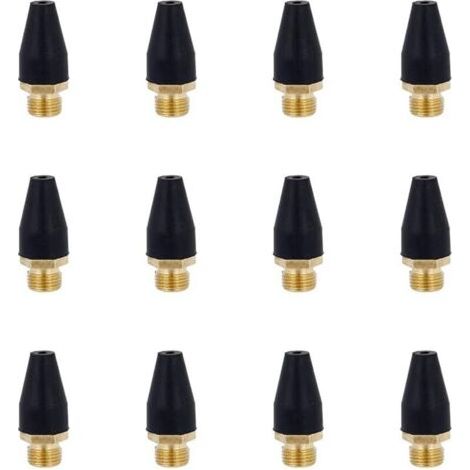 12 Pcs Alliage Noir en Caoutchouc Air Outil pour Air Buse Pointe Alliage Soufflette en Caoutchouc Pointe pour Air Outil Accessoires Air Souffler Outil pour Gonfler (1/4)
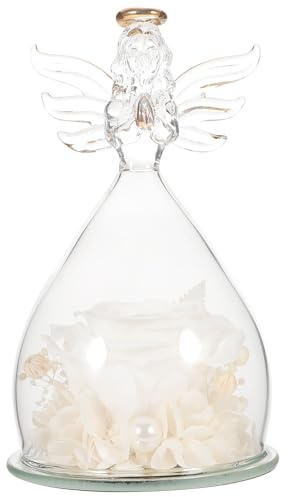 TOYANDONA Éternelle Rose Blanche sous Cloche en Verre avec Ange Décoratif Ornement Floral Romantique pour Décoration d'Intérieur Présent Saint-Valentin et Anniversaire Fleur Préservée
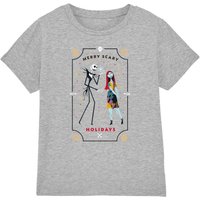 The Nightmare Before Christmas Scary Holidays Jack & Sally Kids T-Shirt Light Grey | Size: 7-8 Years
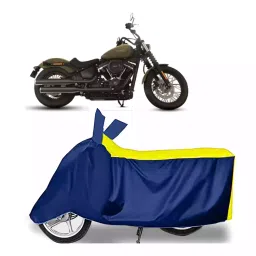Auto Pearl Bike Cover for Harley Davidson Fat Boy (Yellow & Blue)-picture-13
============
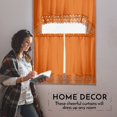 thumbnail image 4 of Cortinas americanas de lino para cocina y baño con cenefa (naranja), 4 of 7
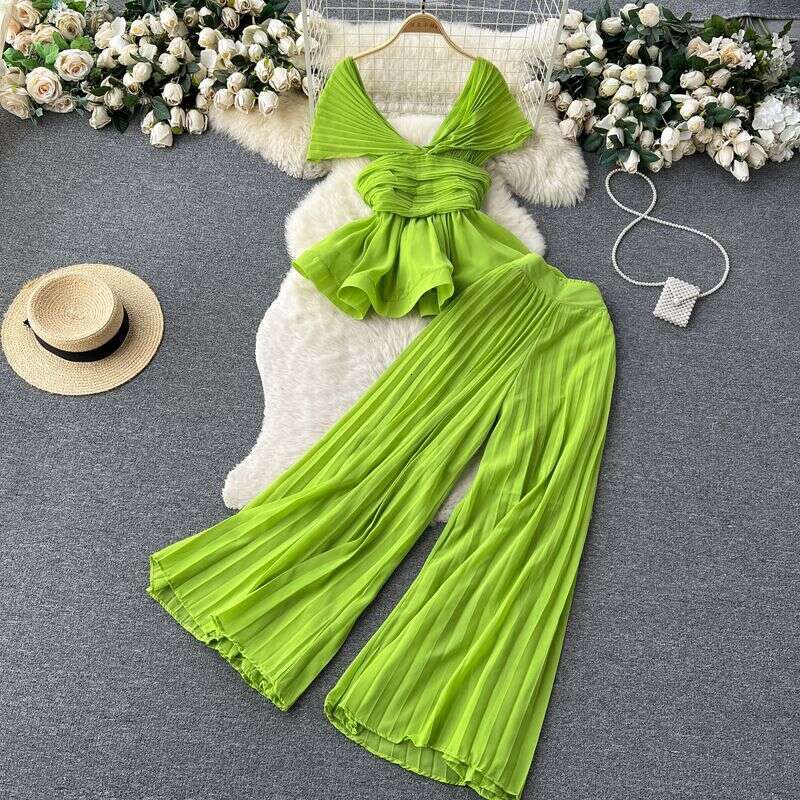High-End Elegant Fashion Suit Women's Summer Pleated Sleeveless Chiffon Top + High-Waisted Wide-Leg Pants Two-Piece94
============
Work to complete
Using the data above, print only the lines starting at the one with "thumbnail image 4" and ending at the one with "High-End Elegant Fashion", exactly as they stand, minus the pictures.

Answer space
 thumbnail image 4 of Cortinas americanas de lino para cocina y baño con cenefa (naranja), 4 of 7
High-End Elegant Fashion Suit Women's Summer Pleated Sleeveless Chiffon Top + High-Waisted Wide-Leg Pants Two-Piece94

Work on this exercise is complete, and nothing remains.